You might need to write up some instructions for a friend to do the final sync
and switch over DNS.

------
tmaly
Assuming there will be no content after you pass, you could always arrange for
it to become a physical book.

------
fantalamera
Google Cloud (and the other big cloud providers) have their "Always Free" tier
where you can host a static website forever. This does not include you own
donation of choice though, but solves hosting.

------
peter_d_sherman
First off, Great Question!

Your question is a very interesting one, because it blends themes of
persistence, visibility, and accessibility within the context of the web...

Before we talk about the web, let's talk about persistence outside of the
web... to gain persistence of your writings outside of the web, you could
collect all of them into a book, and physically publish that book.

That would make your writings somewhat persistent, although, perhaps not as
accessible as they would be if they were on a website.

But alas, the web changes over time.

Web site hosting companies come and go, and freely hosted web page providers
frequently change hands and become subject to owners with new terms,
conditions, and inactivity deletion policies... If I recall correctly,
Geocities or Tripod (both free hosting providers), one or the other went out
of business and lost thousands of free pages that people had created... so
it's not guaranteed that any given free hosting provider will be in business
5, 10, 20 years from now...

A few ideas...

1) Put the same blog on multiple free blog hosting providers.

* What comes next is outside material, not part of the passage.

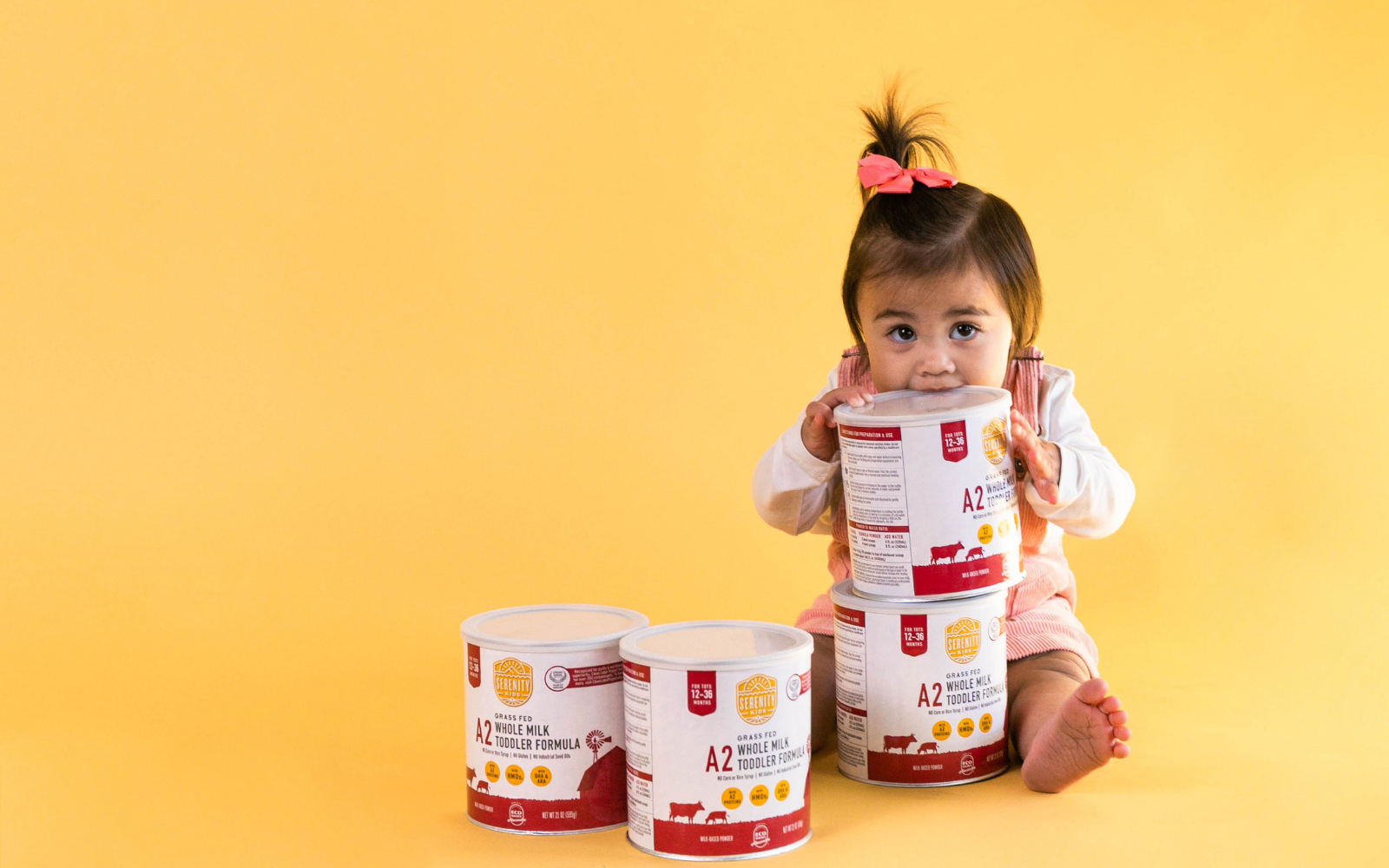 When Do Babies Stop Drinking Formula?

That way if one
goes down, it will still be mirrored by the other providers.

2) Make sure all of those blogs are indexed by the Wayback Machine:
[https://archive.org/web/](https://archive.org/web/) (The Internet Wayback
Machine will probably stick around for awhile...)

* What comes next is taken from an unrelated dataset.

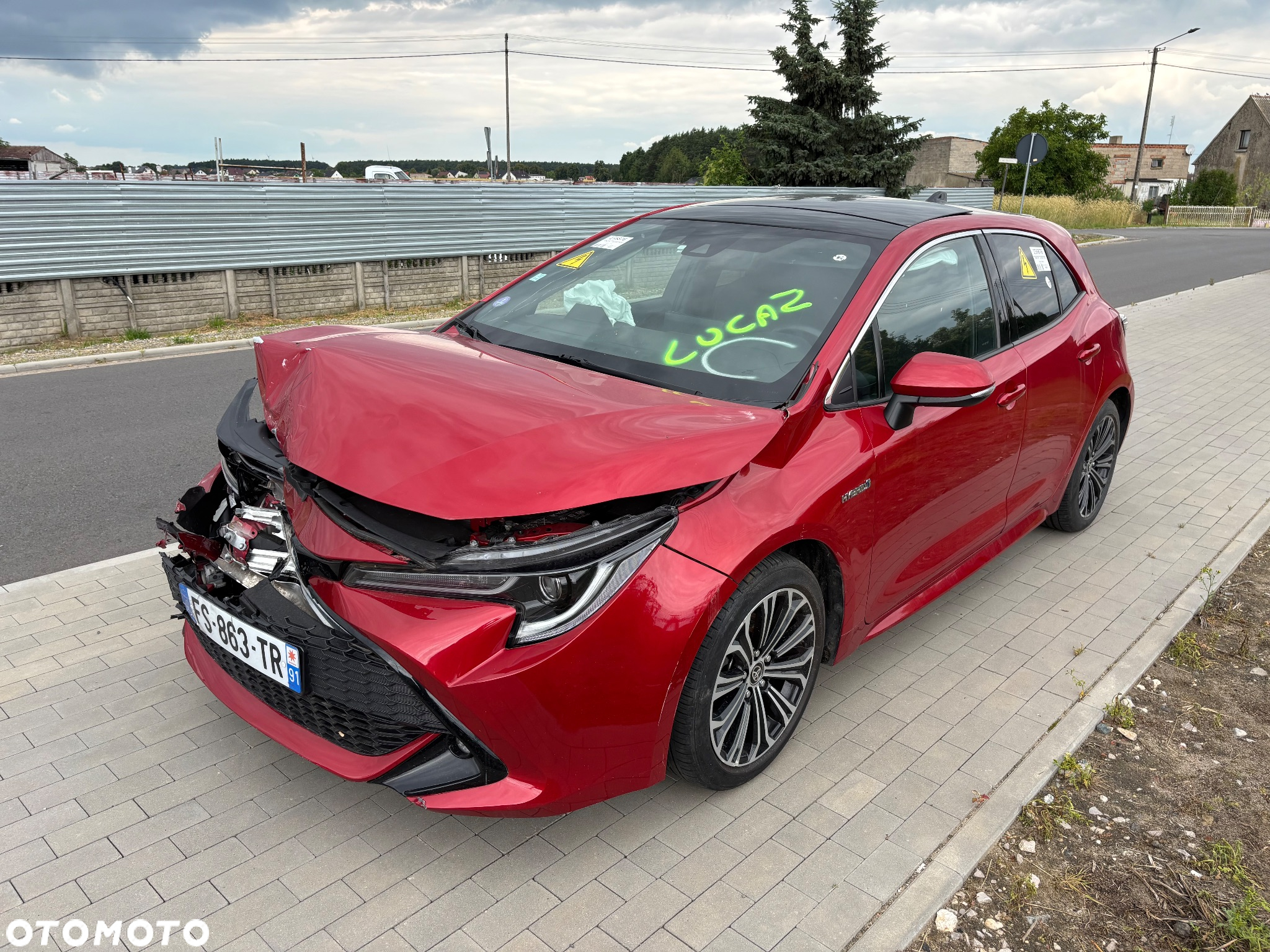 Toyota Corolla - 2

3) I suppose you could write a book, and then if the book became a literary
classic, like say, The Bible, then it would it would be copied and printed and
re-printed throughout history. (On the other hand if your book didn't become a
classic, then it wouldn't be reprinted, copies of it would be progressively
harder to find, and at least in physical printed form, as more time went by,
it might not achieve persistence...) But if you did write a book, you could
probably get it on Google Books and on Amazon's electronic shelves (you'd
probably want to make it free), and there it might stick around as long as
Amazon and Google are in business... which might be reasonably decent
persistence...

4) Oh yes, you'd probably want a legal notice in your writings saying that
anyone can copy them at any time and for any reason -- or whatever set of
conditions you'd prefer to apply. But keep in mind, the less conditions you
apply, the more other people will be willing to freely copy and share the
material, resulting in more persistence...

5) You could additionally put your writings in audio/video formats and upload
them to YouTube and other video/audio hosting services.

6) You could host your writings (in whatever media format(s)) on P2P
networks... if enough people downloaded them, they might stick around for
awhile...